__Goal of the exercise__
Everything from the line with "Deluxe Studio, Balcony, City" to the end of the data should be restated word for word, and nothing before it.

__Data in this exercise__
▬▬▬

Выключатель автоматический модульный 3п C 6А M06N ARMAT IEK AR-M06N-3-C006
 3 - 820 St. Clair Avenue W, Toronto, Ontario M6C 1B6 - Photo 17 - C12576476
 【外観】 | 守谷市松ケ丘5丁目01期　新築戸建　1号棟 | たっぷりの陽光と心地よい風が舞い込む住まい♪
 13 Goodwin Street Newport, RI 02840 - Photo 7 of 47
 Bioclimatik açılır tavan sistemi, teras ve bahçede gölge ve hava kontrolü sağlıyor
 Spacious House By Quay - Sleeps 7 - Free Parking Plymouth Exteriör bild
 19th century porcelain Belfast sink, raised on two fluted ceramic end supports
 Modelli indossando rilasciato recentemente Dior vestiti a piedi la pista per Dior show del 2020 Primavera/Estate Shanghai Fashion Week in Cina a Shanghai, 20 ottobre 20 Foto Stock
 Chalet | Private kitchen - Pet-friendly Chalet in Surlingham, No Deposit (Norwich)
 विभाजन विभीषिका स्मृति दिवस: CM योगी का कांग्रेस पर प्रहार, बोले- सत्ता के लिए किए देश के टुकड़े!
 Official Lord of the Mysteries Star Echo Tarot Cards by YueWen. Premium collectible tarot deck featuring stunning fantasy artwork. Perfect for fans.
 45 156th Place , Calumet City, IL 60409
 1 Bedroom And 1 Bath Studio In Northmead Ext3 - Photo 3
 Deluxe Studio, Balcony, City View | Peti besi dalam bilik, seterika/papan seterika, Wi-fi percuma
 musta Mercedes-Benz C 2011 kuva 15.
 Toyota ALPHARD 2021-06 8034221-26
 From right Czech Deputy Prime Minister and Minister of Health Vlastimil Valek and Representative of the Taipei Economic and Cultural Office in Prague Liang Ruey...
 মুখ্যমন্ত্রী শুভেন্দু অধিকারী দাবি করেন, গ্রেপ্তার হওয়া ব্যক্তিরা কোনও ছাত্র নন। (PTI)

▬▬▬

__Exercise result__
 Deluxe Studio, Balcony, City View | Peti besi dalam bilik, seterika/papan seterika, Wi-fi percuma
 musta Mercedes-Benz C 2011 kuva 15.
 Toyota ALPHARD 2021-06 8034221-26
 From right Czech Deputy Prime Minister and Minister of Health Vlastimil Valek and Representative of the Taipei Economic and Cultural Office in Prague Liang Ruey...
 মুখ্যমন্ত্রী শুভেন্দু অধিকারী দাবি করেন, গ্রেপ্তার হওয়া ব্যক্তিরা কোনও ছাত্র নন। (PTI)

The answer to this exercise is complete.